To overcome these limitations, we developed hoodscanR, a Bioconductor R package designed for comprehensive neighborhood analysis in spatial transcriptomics. hoodscanR efficiently identifies cellular neighborhoods using a k-nearest neighbor search and a hyperparameter-tuned algorithm that generates neighborhood probability distributions at the single-cell level, enabling a refined analysis of spatial patterns.

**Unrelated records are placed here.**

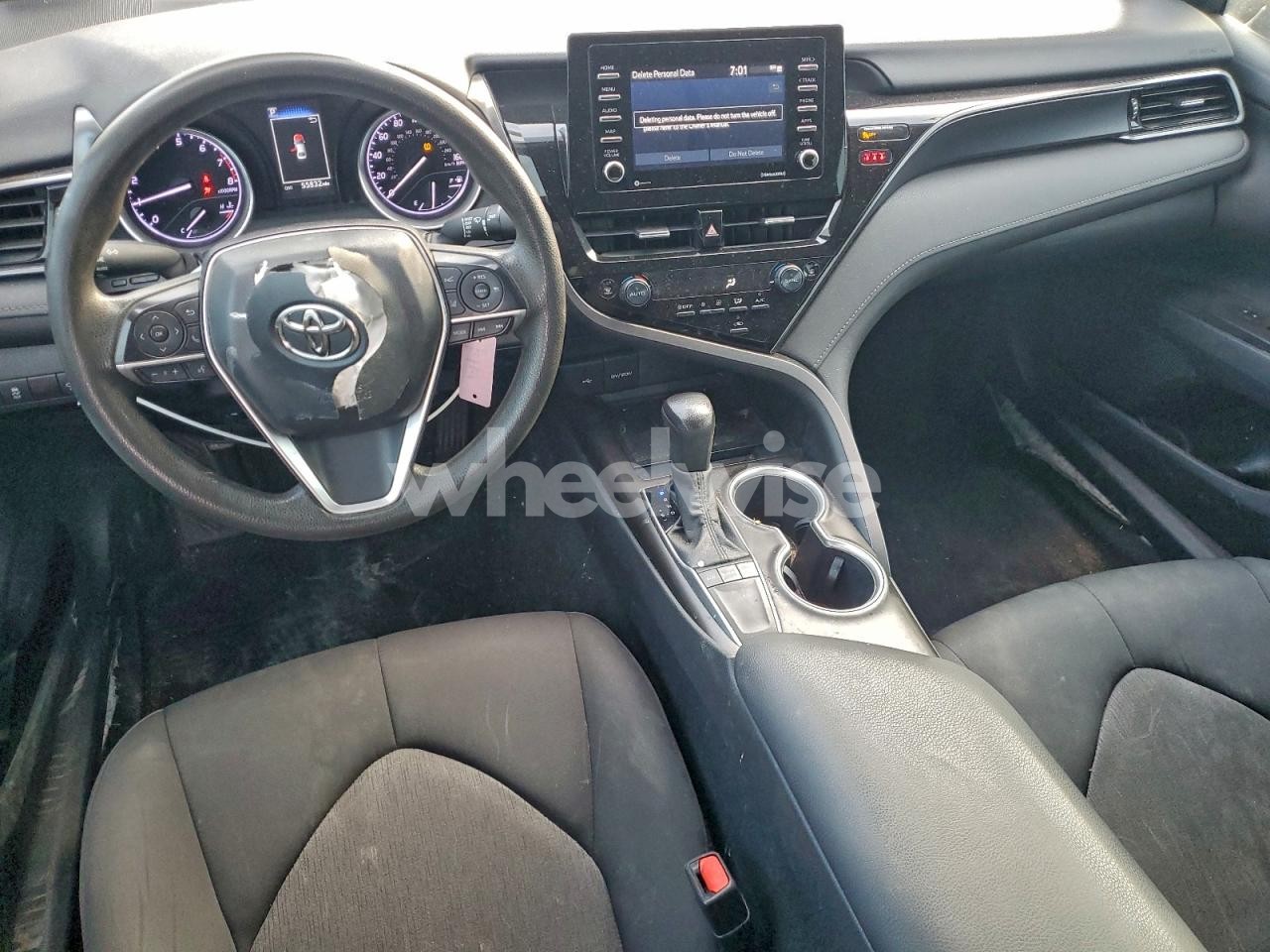 Photo 8 of 2023 TOYOTA CAMRY LE (VIN 4T1C11AK0PU117706)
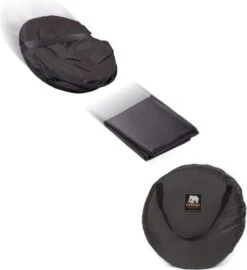 Deryan Baby Luxe Campingbedje – Inclusief Zelfopblaasbare Matras - Zwart -Maxi-Cosi Winkel 1098x1200 3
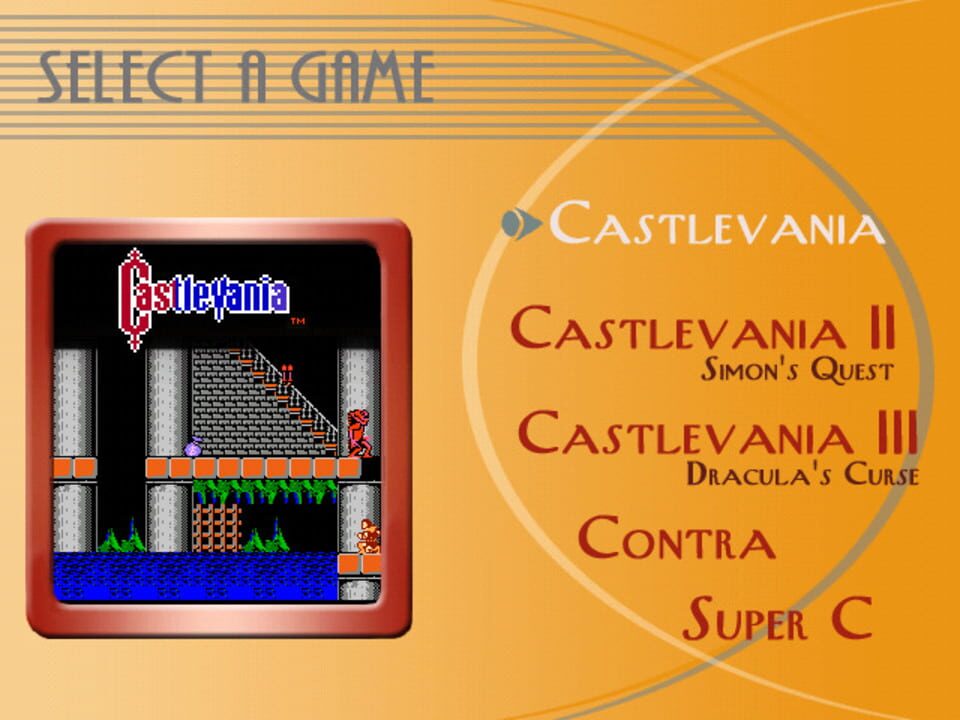 Konami Collector’s Series: Castlevania & Contra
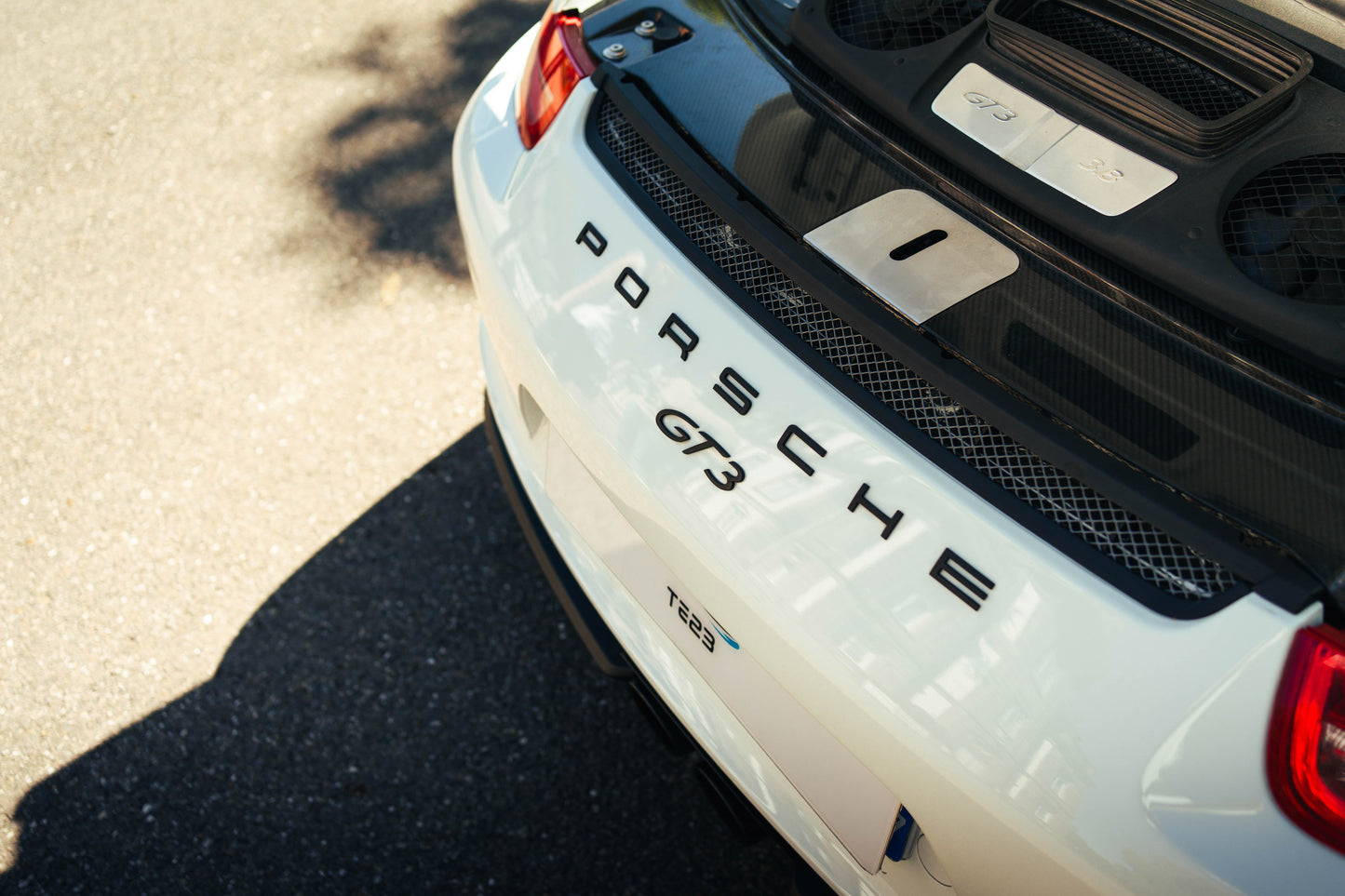 PORSCHE 991.1 GT3 "Club Sport"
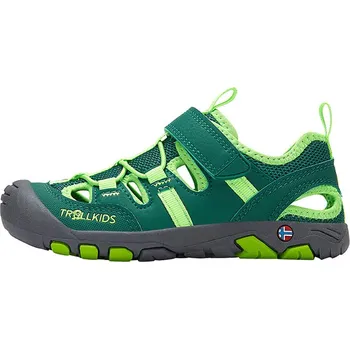 Dívčí tenisky Boty Trollkids Grün 7665983 34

We applied hoodscanR to breast cancer (10X Genomics Xenium) and non-small cell lung cancer (Nanostring CosMx) datasets, where it successfully detected mixed neighborhoods composed of multiple cell types. For example, in breast cancer, hoodscanR identified spatially adjacent DCIS grade 2 cancer cells and ACTA2+ myoepithelial cells, while in lung cancer, it revealed mixed neighborhoods of B cells and plasma cells. These findings underscore the tool’s ability to capture complex cellular compositions within the TME.
In addition to neighborhood identification, hoodscanR supports downstream analyses such as neighborhood-based differential gene expression, co-localization, and unsupervised clustering. It is computationally efficient, outperforming existing methods in both co-localization and spatial domain identification.
In conclusion, hoodscanR is a powerful and versatile tool that allows researchers to explore cellular neighborhoods with greater precision and depth. Its ability to reveal the spatial context of cellular interactions makes it an invaluable asset in cancer research, facilitating deeper insights into tissue biology and accelerating discoveries in biomedical science.